Sophomore T-TOPS full-length "Staring at a Static Screen" is as gritty and soaked with urban detritus as it gets. The trio's new album is a dirty symphony of car wrecks, grimy alleys, beat-to-shit jeans, and bottomless reservoirs of snarling rust-belt antipathy translated into musical form. These tracks give voice to every screaming impulse hidden deep inside, and with each spin the blood boils hotter.
Hailing from America’s former steel town Pittsburgh, Pennsylvania, T-TOPS are the embodiment of noisy, uncompromising punk-infused rock. True to street style, the band's name is derived from the removable panel car roof popularised in America in the 1970s, the period when disaffected punk was beginning to coalesce in the musical underground.

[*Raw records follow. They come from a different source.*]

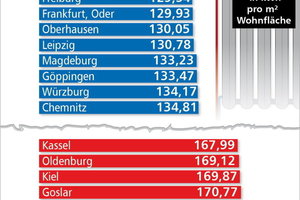  Übersicht über den Gasverbrauch in deutschen Städten 2012 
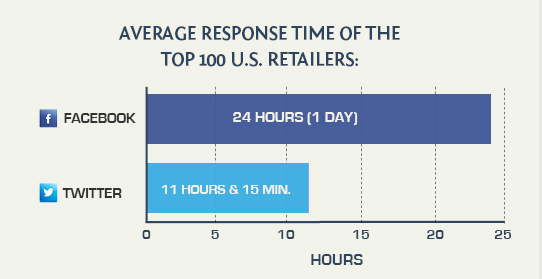average response time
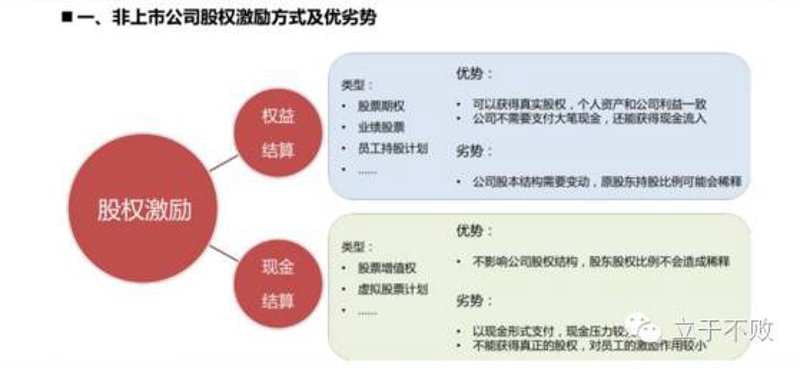 企业管理咨询：为您的企业注入活力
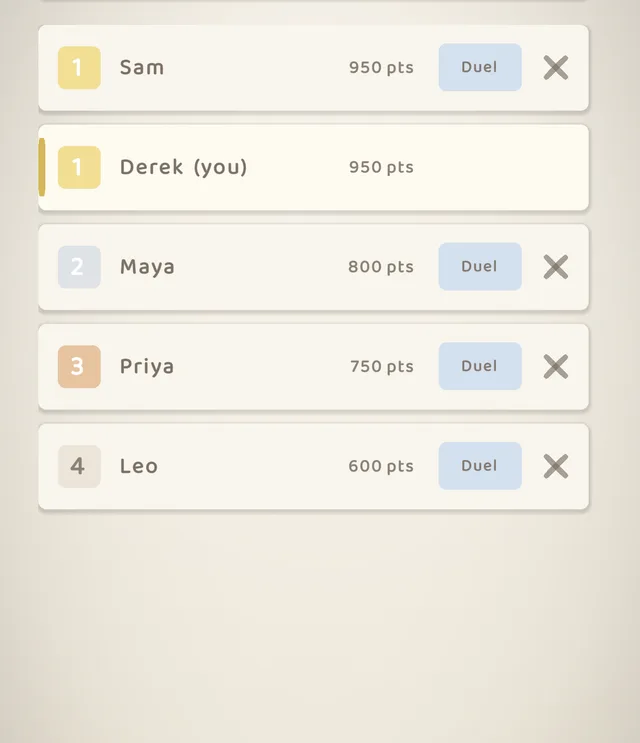 A friends leaderboard for today’s Daily Challenge — your circle, ranked by score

T-TOPS' sound draws heavily from such straight-shooting acts as UNSANE and MOTÖRHEAD as well as East Coast hardcore. Founded by guitarist and singer Patrick Waters, these veterans come with a decade-plus of hard-hitting shows delivered with grim determination. Their crunching riffs are twice underscored by the pounding rhythm section of Mike Koch on drums and bass-player Matt Schor.
"Staring at a Static Screen" is a bashing, beautiful, unyielding concrete slab that, like its creators, simply does not give in. Adherents of CANCER BATS, ZEKE and THE MELVINS may latch onto different chunks of the album, which ranges from the face-ripping energy of 'Burn the River' to the stunningly contemplative Fleetwood Mac cover 'What Makes You Think You're the One'. T-TOPS are back and their mission statement is simply to kick ass as hard as humanly possible.